§ **WORK REQUIRED**:
Leaving out each picture, transcribe the lines of the listing below exactly from the first through the line that contains "(NEW) Sony WH-1000XM5".

§ **MATERIAL FOR THIS TASK**:

▶

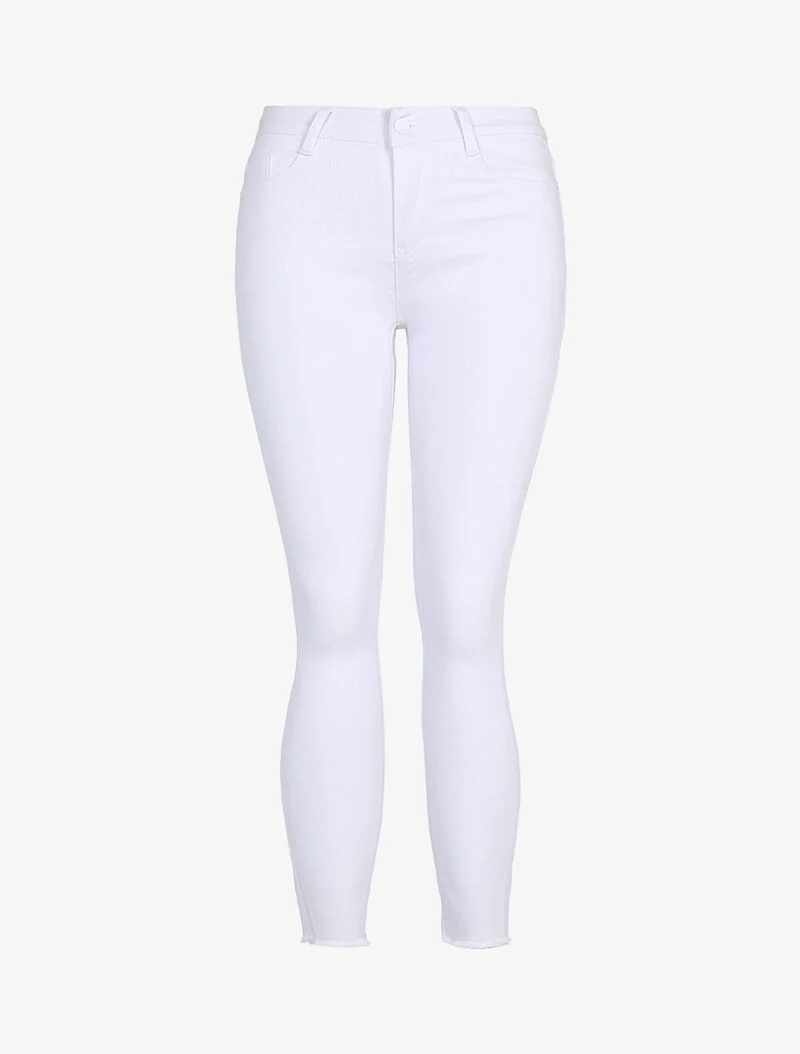 Basic-Jeans mit ausgefransten Kanten. - weiß
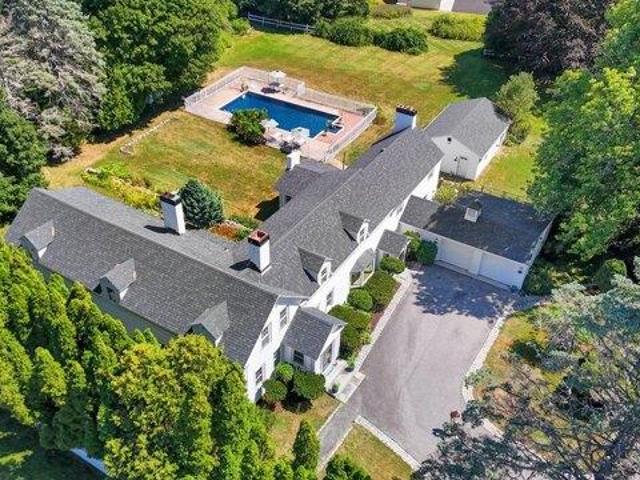 House for sale in Cumberland Center, Maine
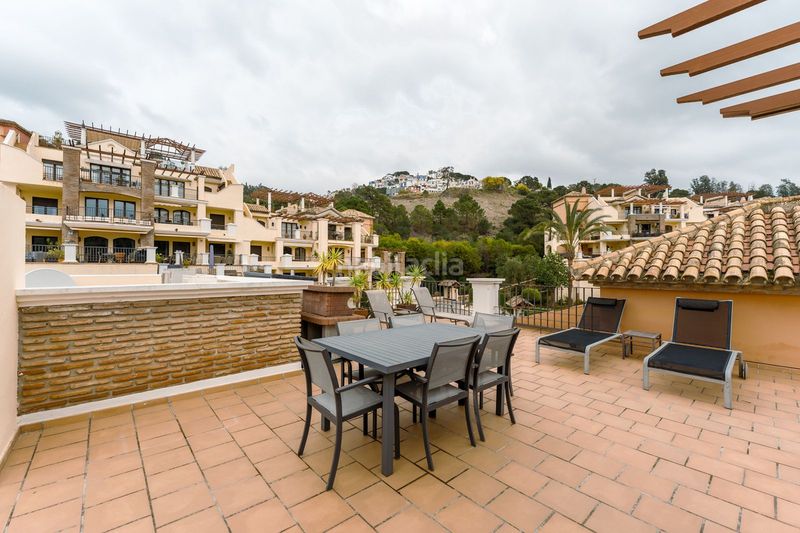 Foto 6a5cdd73-1a3f-4540-a716-fa12c2a9f7ec. Duplex con parcheggio piscina in los arqueros - puerto del almendro Benahavís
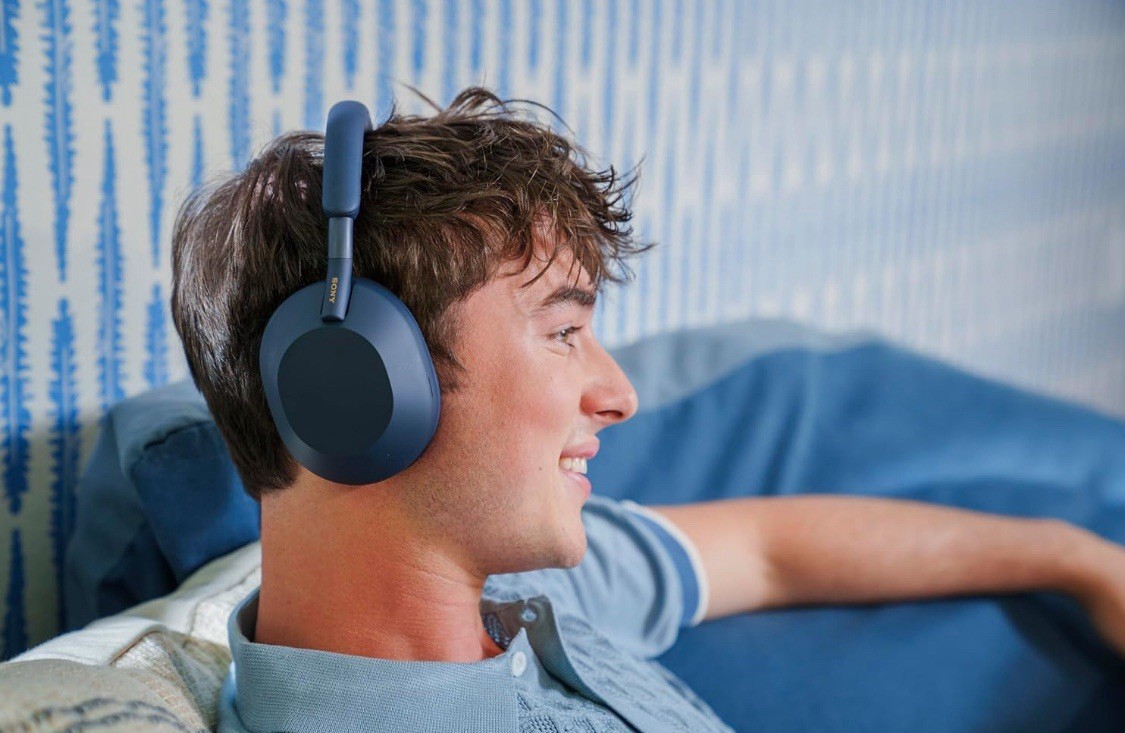 (NEW) Sony WH-1000XM5 Bluetooth Powerful Noise Canceling Headphones 30hr Charge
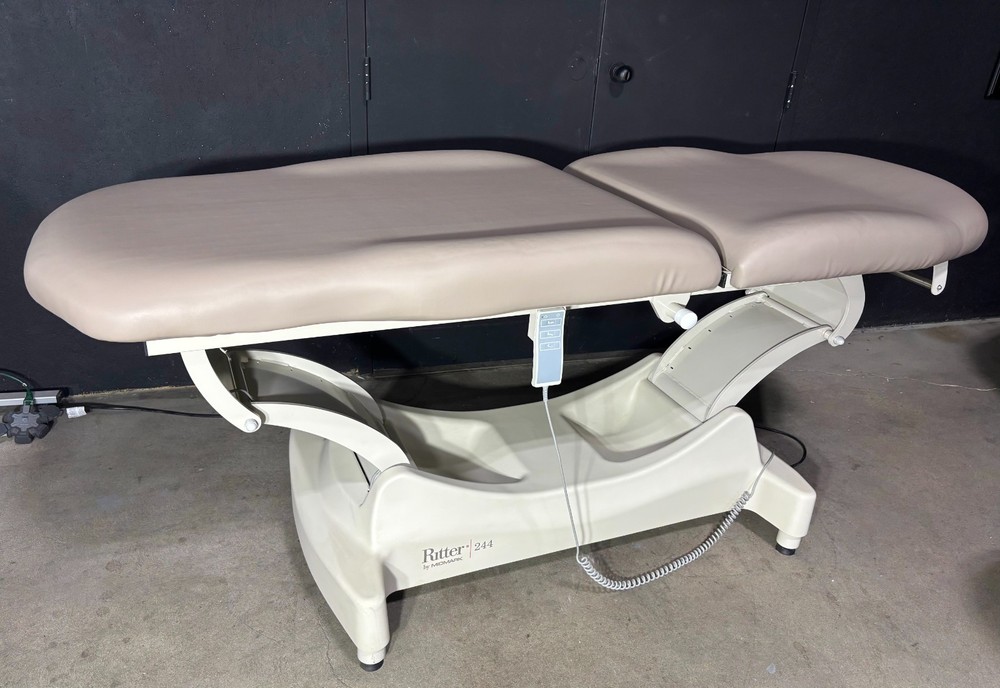Midmark Ritter 244 Exam Table powered High-Low Bariatric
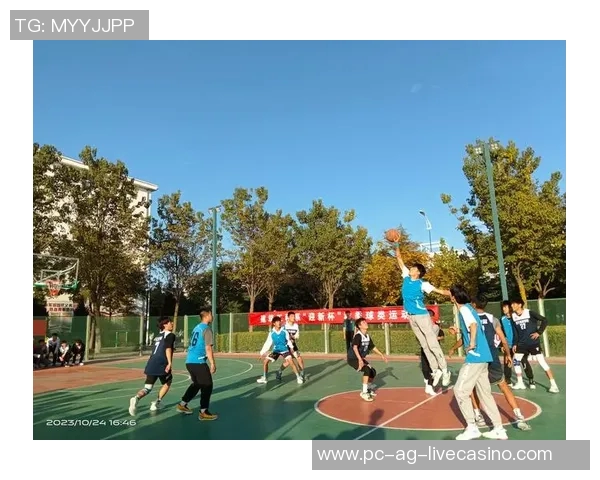 武汉业余足球队奋勇拼搏展现青春风采助力社区体育发展 武汉业余足球队奋勇拼搏展现青春风采助力社区体育发展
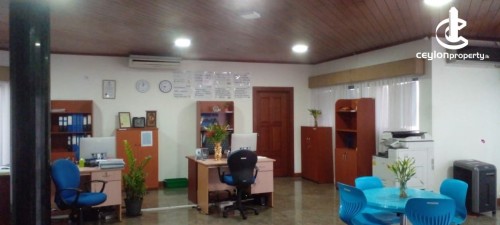 Commercial Property for Rent in Colombo 2 (Slave Island) - Colombo 2 Office Space Commercial Bldg 5 Car Parks For Rent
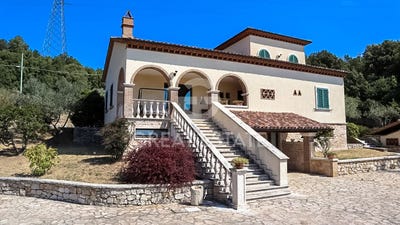 /international/it/guardea-umbria-310106780223/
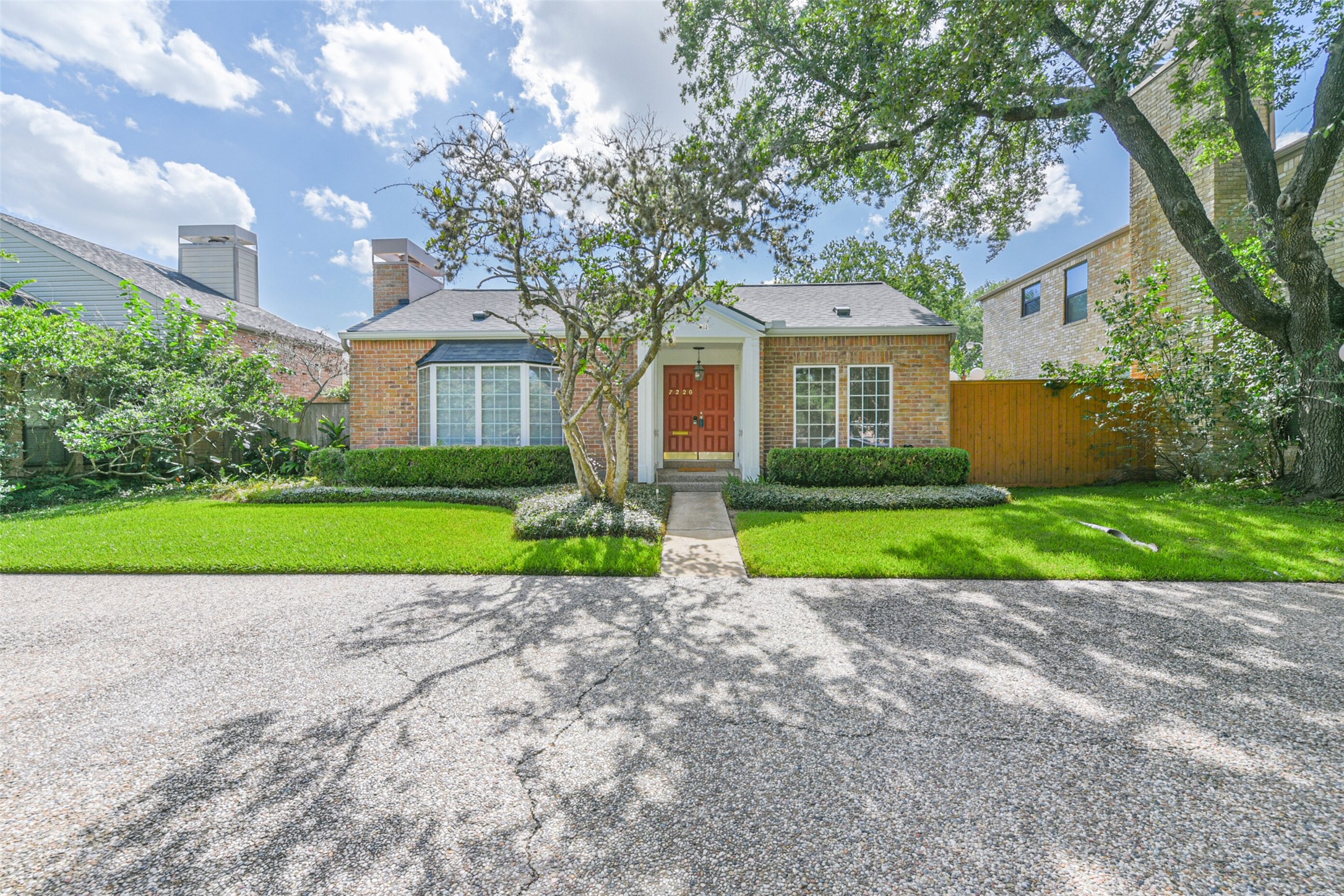 7220 Kirby Drive Houston TX 77030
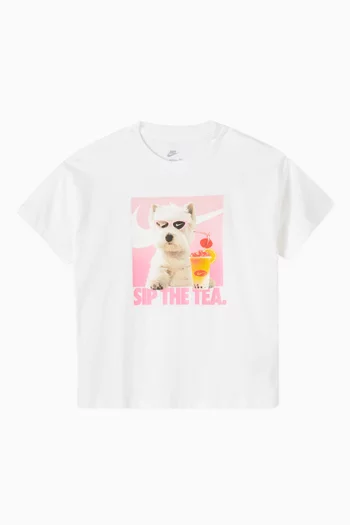 تي شيرت بعبارة Sip The Tea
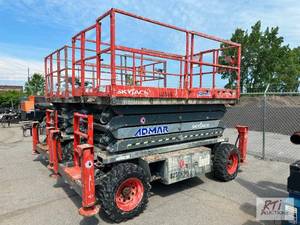 lot 28 image: Skyjack SJ7135RT rough terrain scis...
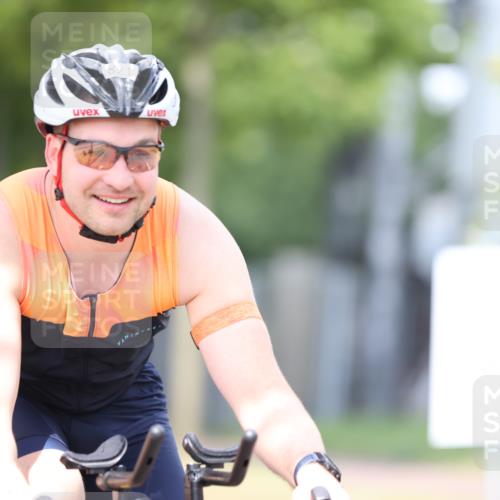 11.08.2024 - GEWOBA Citytriathlon Bremen H.Heesch http://msf.ph/oto/6772862 11.08.2024 11:39:04 Radfahren 821 meine-sportfotos.de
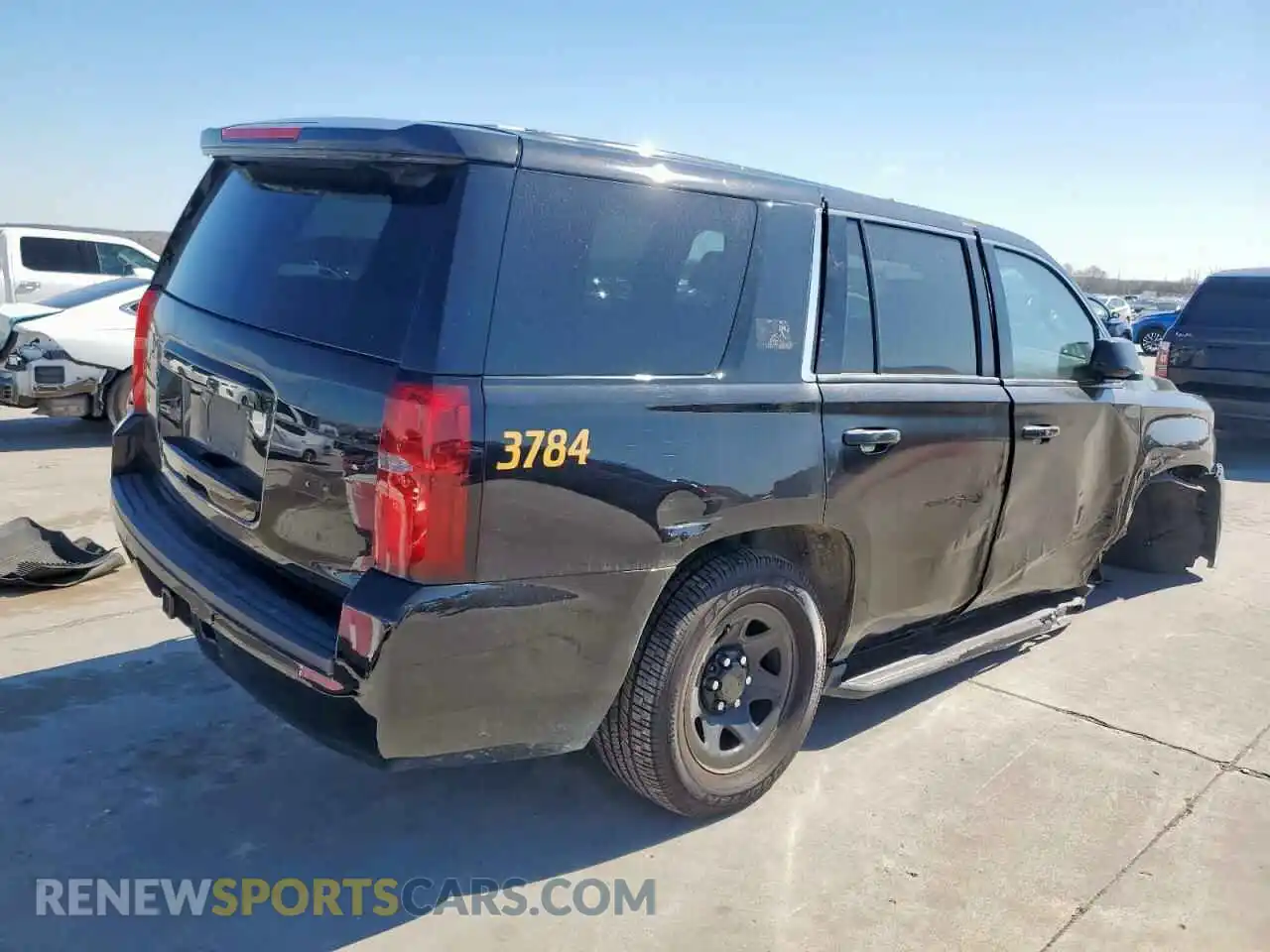 3 Фотография поврежденного автомобиля 1GNLCDEC9LR239441 CHEVROLET TAHOE 2020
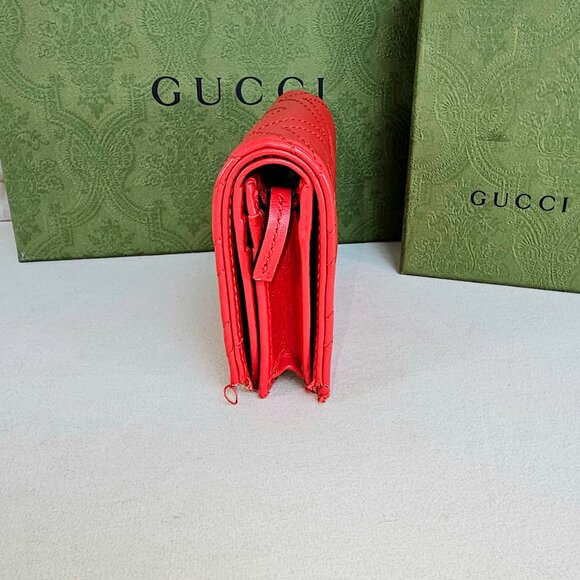 Gucci Red Matelassé GG Marmont Leather Wallet - Picture 9 of 16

◀

§ **WRITTEN ANSWER**:
 Basic-Jeans mit ausgefransten Kanten. - weiß
 House for sale in Cumberland Center, Maine
 Foto 6a5cdd73-1a3f-4540-a716-fa12c2a9f7ec. Duplex con parcheggio piscina in los arqueros - puerto del almendro Benahavís
 (NEW) Sony WH-1000XM5 Bluetooth Powerful Noise Canceling Headphones 30hr Charge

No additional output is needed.